Shown below is a listing with pictures; reproduce exactly, and only, the lines between the ones containing "Sitka Forest Traverse Beanie Hat Rare" and "Gudum idræts- og kulturhus", inclusive, leaving the pictures out.

> _Exercise input_:
══════

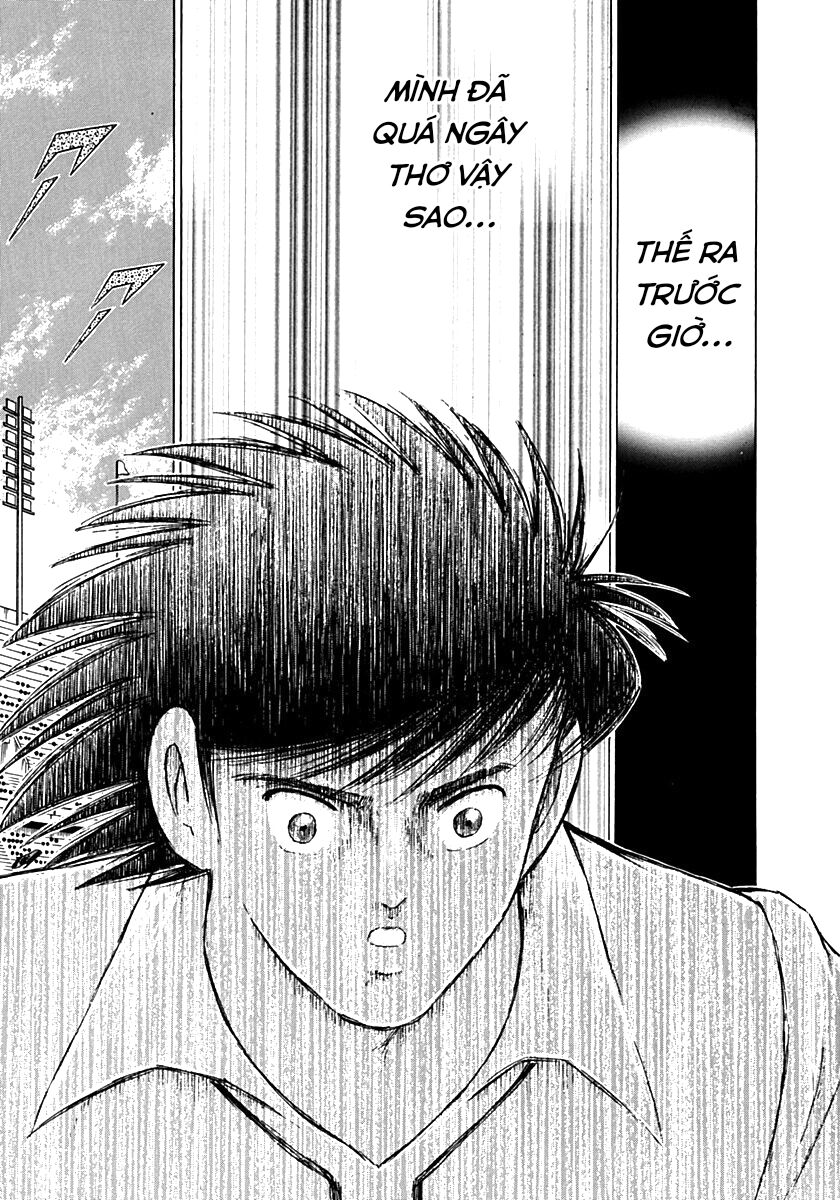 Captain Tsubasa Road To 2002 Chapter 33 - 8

══════

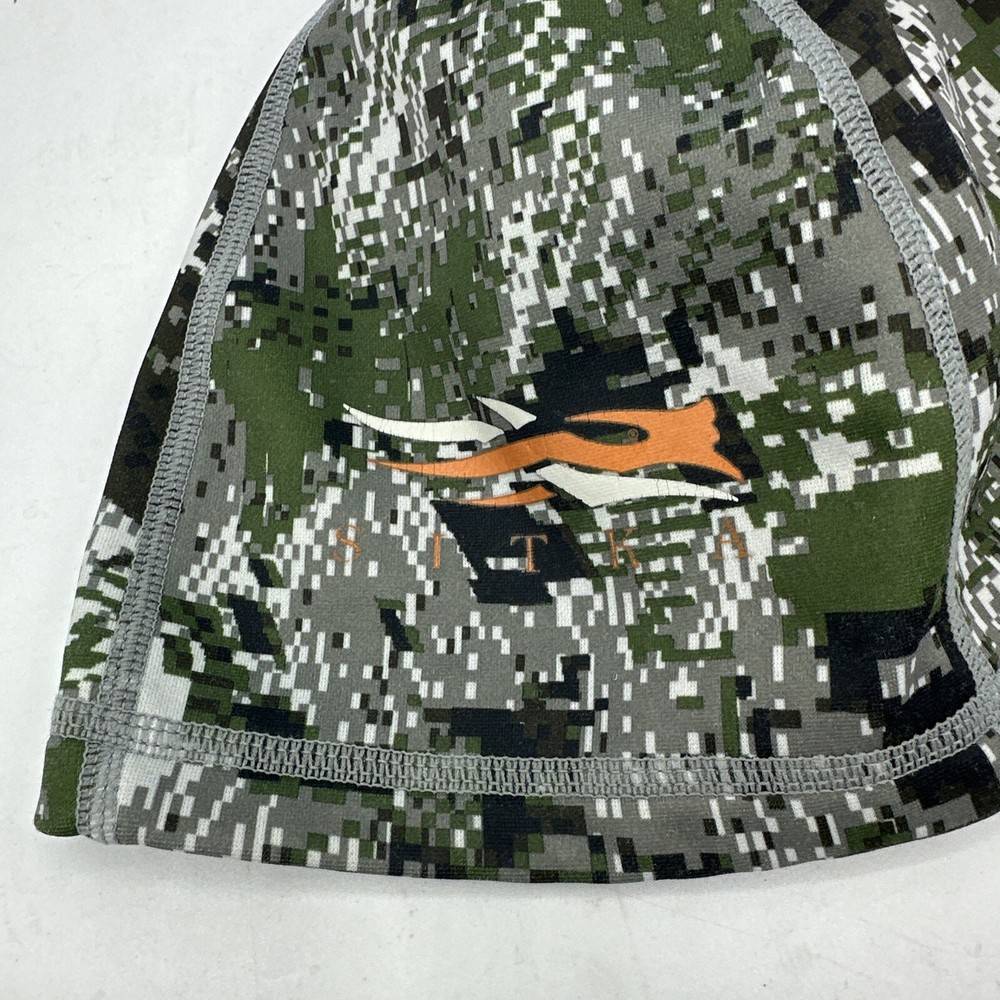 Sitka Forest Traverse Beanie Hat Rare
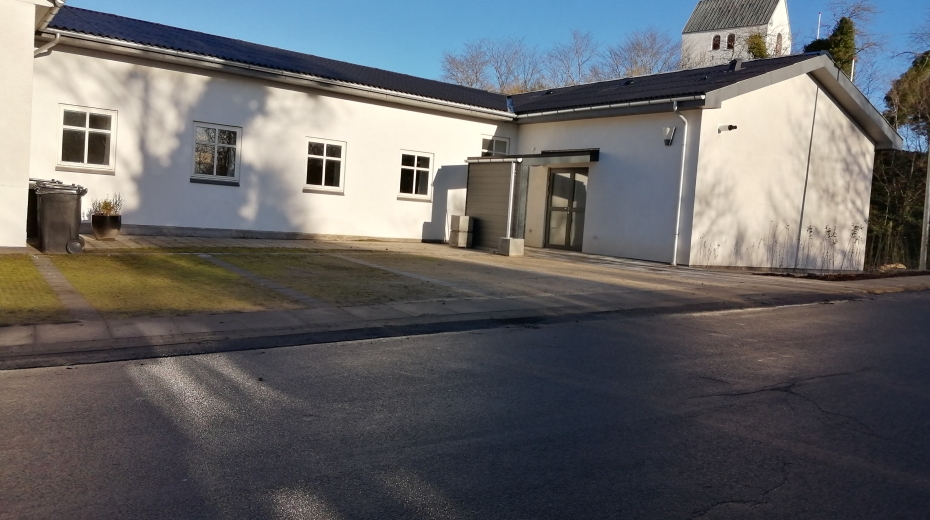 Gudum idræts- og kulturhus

══════

> _Answer to the problem_:
 Sitka Forest Traverse Beanie Hat Rare
 Gudum idræts- og kulturhus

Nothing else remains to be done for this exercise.